Water has become a big story in California, as the driest calendar year on record (2013) has extended into two additional months of clear skies. There has never been a 14-month period with so little rain.
But the extent of the drought was not clear back in early December, when I began talking to experts about the state of the groundwater basins in Ventura County. At that time, there was still the hope that a rainy winter was just on the horizon. I recall a point that United Water Conservation District General Manager Mike Solomon made in a conversation in mid-December: Even if the winter ahead brought a reasonably normal amount of rainfall, it wouldn't be enough to help.
The report that my colleague Gretchen Wenner and I put together on the state of groundwater in the county was published in today's Star (free to subscribers). A companion article explains how environmental regulations imposed by the federal government in an attempt to allow for the recovery of the endangered Southern California steelhead have made the prospect of recharging the county's overdrawn aquifers even more challenging.

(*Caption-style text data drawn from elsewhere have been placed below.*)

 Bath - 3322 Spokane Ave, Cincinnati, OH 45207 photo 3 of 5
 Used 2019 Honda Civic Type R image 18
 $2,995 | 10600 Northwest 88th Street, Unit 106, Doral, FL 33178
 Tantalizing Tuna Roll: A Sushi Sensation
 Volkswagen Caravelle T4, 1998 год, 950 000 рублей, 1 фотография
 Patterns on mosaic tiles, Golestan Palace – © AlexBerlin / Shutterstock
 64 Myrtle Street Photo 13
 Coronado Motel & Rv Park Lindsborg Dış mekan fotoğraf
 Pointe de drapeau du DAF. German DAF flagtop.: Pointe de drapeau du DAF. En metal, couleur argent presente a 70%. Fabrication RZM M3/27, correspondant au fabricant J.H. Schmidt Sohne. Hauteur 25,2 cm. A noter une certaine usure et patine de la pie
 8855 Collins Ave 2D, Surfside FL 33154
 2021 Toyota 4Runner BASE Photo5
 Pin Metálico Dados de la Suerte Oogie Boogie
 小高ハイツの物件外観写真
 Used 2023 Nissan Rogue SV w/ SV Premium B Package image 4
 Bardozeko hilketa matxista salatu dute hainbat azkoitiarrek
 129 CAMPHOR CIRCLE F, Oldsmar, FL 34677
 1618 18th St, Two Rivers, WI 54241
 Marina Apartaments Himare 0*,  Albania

What's truly sobering about all this is that groundwater, while always an important source of water statewide, takes on heightened importance during times of drought. In theory, undergound basins serve as insurance against drought and can be tapped more heavily when surface water is in short supply.
Water managers in Ventura County and the regulators at the Fox Canyon Groundwater Management Agency were already facing a crisis. The drought, as bad as it is, simply gives that crisis more urgency.